Another new development on Gardam Street is the arrival of Iantha, a widow with a toddler son named Ben who becomes fast friends with Batty. Iantha is an astrophysicist and a colleague of Mr. Penderwick’s at Cameron University. Meanwhile, the across-the-street neighbor and schoolmate of the Penderwicks, Tommy Geiger, has developed a crush on Rosalind, to which she is oblivious. Skye and Jane’s primary concern is their soccer team, of which Skye is captain, and their schoolwork.

When Skye and Jane decide to swap homework assignments, chaos ensues. While Skye’s science essay for Jane merely gets her an A, Jane’s original play about the Aztecs for Skye is selected to be performed in front of the entire school, with an unwilling Skye cast in the starring role. On top of this, after two bad dates set up by the sisters, Mr. Penderwick has begun seeing a mysterious woman named Marianne, and Tommy has stopped talking to Rosalind entirely. Additionally, Batty and Ben won’t stop worrying about Bug Man, a mysterious figure who Batty claims has been roaming their neighborhood.

On the night Jane’s play is to be performed, Skye passes out from nerves and a delighted Jane goes on in her stead.
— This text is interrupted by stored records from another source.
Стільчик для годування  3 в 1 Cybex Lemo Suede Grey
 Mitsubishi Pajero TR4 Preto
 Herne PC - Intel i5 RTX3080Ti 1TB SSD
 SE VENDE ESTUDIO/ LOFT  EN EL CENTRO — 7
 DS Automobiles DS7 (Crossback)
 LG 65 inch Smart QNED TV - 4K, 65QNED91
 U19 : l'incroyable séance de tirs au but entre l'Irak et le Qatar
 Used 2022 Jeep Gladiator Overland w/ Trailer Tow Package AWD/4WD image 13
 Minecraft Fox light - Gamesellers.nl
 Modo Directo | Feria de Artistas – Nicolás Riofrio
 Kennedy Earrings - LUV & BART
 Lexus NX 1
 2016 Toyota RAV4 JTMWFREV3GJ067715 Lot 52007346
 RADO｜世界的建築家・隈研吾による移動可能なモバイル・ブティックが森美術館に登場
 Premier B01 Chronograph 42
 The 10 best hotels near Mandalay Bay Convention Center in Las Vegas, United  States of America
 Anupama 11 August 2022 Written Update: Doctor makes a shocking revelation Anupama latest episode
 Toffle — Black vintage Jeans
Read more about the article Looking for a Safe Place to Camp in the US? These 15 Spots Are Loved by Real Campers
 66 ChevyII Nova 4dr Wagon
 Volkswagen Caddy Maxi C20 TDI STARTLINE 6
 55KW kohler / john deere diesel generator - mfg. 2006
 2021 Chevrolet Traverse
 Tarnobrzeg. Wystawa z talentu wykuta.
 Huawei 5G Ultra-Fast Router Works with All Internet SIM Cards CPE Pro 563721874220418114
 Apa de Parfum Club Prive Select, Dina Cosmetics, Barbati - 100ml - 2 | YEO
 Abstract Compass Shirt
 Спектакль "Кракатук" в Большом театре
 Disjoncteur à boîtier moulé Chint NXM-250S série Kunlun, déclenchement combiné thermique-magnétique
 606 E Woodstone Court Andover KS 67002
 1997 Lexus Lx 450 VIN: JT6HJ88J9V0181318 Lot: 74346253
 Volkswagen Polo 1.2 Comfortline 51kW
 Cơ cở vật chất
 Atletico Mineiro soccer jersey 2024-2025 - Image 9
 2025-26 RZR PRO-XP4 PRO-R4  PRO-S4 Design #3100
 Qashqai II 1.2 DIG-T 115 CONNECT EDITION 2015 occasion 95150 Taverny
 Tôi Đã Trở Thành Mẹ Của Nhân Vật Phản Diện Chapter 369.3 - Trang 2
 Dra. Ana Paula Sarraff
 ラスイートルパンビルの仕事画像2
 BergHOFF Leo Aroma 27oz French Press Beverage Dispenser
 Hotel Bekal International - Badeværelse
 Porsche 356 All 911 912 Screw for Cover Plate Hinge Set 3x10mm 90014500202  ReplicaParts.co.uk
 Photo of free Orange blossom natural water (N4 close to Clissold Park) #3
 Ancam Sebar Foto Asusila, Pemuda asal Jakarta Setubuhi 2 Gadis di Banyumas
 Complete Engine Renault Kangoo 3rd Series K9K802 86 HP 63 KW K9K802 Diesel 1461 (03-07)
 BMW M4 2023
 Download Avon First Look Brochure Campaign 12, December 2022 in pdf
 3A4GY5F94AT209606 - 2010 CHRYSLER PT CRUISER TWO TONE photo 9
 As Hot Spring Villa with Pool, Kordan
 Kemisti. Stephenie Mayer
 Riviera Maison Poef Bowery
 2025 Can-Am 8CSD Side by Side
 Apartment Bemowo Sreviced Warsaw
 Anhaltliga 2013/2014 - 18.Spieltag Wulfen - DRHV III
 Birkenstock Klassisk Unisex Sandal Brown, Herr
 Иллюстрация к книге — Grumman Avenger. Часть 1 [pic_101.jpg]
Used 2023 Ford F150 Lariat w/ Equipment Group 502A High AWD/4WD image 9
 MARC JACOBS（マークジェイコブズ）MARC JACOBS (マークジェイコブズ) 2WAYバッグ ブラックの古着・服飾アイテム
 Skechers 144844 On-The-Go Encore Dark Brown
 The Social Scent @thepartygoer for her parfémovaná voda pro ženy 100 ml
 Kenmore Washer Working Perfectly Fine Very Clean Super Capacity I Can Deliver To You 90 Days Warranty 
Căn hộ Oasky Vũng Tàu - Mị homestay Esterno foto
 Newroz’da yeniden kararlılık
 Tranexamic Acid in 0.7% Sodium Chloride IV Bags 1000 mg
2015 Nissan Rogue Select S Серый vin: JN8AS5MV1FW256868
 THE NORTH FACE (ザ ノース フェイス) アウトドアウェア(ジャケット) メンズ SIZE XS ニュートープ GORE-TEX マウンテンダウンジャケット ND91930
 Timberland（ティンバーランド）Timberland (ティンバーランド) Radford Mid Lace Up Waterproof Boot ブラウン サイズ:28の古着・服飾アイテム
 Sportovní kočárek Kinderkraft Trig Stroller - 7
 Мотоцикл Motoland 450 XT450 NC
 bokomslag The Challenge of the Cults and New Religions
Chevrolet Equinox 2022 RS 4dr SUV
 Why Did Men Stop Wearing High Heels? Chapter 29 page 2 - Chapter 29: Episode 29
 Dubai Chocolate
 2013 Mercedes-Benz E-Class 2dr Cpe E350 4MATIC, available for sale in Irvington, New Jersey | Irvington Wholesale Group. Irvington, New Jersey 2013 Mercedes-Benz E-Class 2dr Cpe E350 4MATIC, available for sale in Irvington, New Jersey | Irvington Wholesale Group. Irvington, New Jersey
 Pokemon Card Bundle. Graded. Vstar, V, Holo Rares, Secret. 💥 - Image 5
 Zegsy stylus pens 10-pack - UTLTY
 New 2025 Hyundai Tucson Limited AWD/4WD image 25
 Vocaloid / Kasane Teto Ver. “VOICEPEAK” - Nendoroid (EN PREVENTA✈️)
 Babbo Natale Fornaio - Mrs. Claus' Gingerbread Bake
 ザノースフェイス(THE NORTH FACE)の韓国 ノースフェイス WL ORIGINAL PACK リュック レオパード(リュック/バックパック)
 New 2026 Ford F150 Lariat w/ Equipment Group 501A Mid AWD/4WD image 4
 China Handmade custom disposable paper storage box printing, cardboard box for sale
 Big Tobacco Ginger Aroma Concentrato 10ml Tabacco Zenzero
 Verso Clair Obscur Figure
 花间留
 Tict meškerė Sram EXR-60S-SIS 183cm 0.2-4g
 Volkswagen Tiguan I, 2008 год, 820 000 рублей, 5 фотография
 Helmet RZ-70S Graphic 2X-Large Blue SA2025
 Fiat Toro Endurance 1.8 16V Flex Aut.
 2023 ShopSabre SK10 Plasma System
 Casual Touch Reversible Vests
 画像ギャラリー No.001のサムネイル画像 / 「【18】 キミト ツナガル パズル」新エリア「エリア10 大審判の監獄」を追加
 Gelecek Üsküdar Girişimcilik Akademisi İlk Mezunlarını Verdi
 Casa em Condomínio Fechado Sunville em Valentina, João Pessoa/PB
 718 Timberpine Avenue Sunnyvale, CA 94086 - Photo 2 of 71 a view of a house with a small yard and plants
Afterward, they reveal their deception to their father, who is understanding and reveals one of his own: Marianne, his girlfriend, is actually Marianne Dashwood of Jane Austen’s Sense and Sensibility, which he has been reading rather than going on the dates he promised to Aunt Claire. The next day, Skye and Jane win their soccer league, and Rosalind realizes that the person their father actually has feelings for is Iantha, now a family friend.

The sisters conspire successfully to get their father and Iantha to go together to a university gala. That night, a break-in attempt by a disturbed colleague of Ianthe’s who was convinced she had stolen his research (the real “Bug Man”) is foiled by Rosalind and Tommy, who admit their feelings for each other and decide to start dating when they are older. The sisters give Mr. Penderwick their blessing to begin dating Iantha, and the book closes with their wedding seven months later.

== Reception ==
The Penderwicks on Gardam Street was received positively and seen as a worthy follow-up to the series' critically-acclaimed first book. Kirkus Reviews called the story "a pleasant ramble of a read, replete with well-intentioned scheming, adolescent crushes, horrible homework disasters, soccer, secrets, school dances and lots and lots of literary allusion."